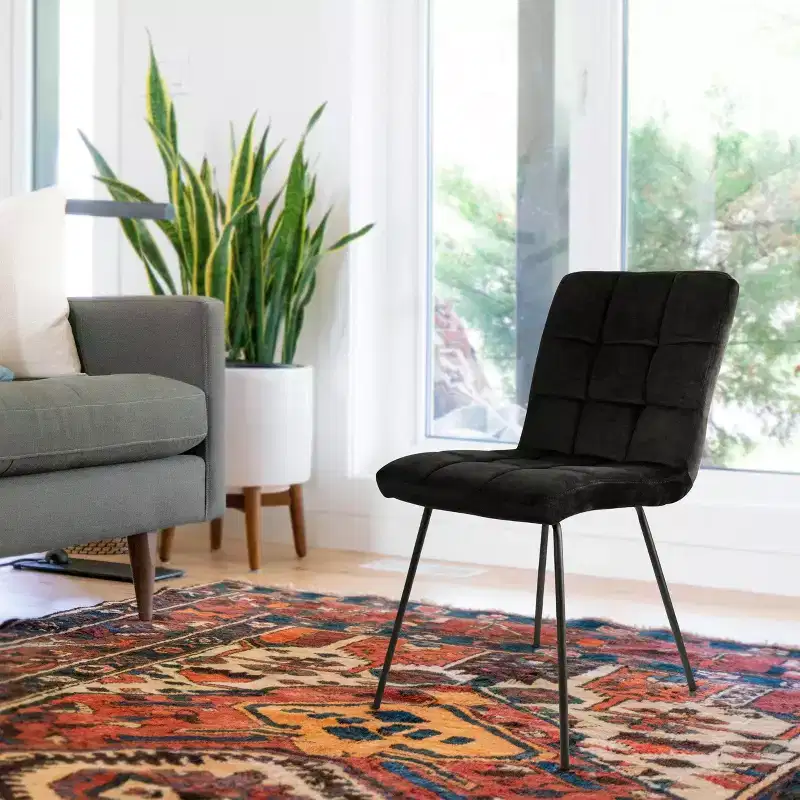 2 Piece Velvet Tufted Chairs in Black with Black Metal Legs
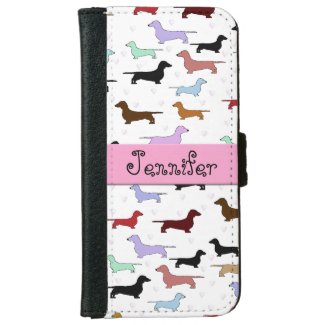 Colorful Dachshund iPhone Wallet iPhone 6 Wallet Case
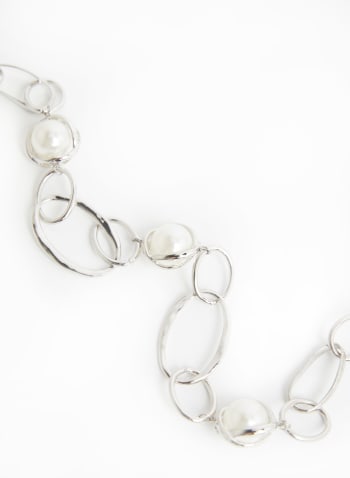 Collier à maillons de chaîne et perles, Blanc perle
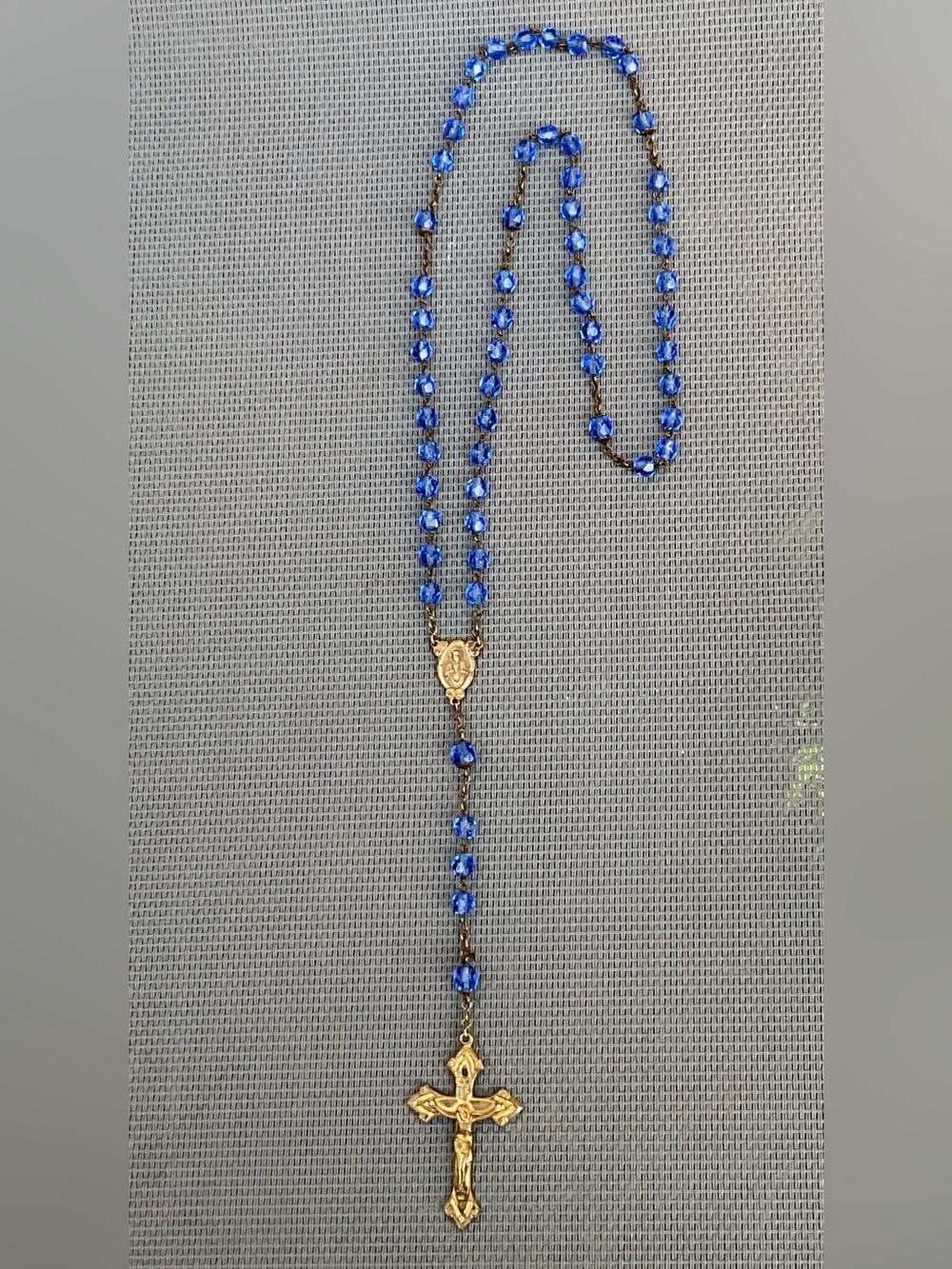 Gorgeous Blue Faceted Glass or Crystal Vintage Rosary Brass Crucifix 18.5” 6mm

------------------------------

EXERCISE:
Write out, word for word, the line containing "Collier à maillons" and each line after it to the end of the data, and nothing more. Drop the pictures.

EXERCISE SOLUTION:
 Collier à maillons de chaîne et perles, Blanc perle
 Gorgeous Blue Faceted Glass or Crystal Vintage Rosary Brass Crucifix 18.5” 6mm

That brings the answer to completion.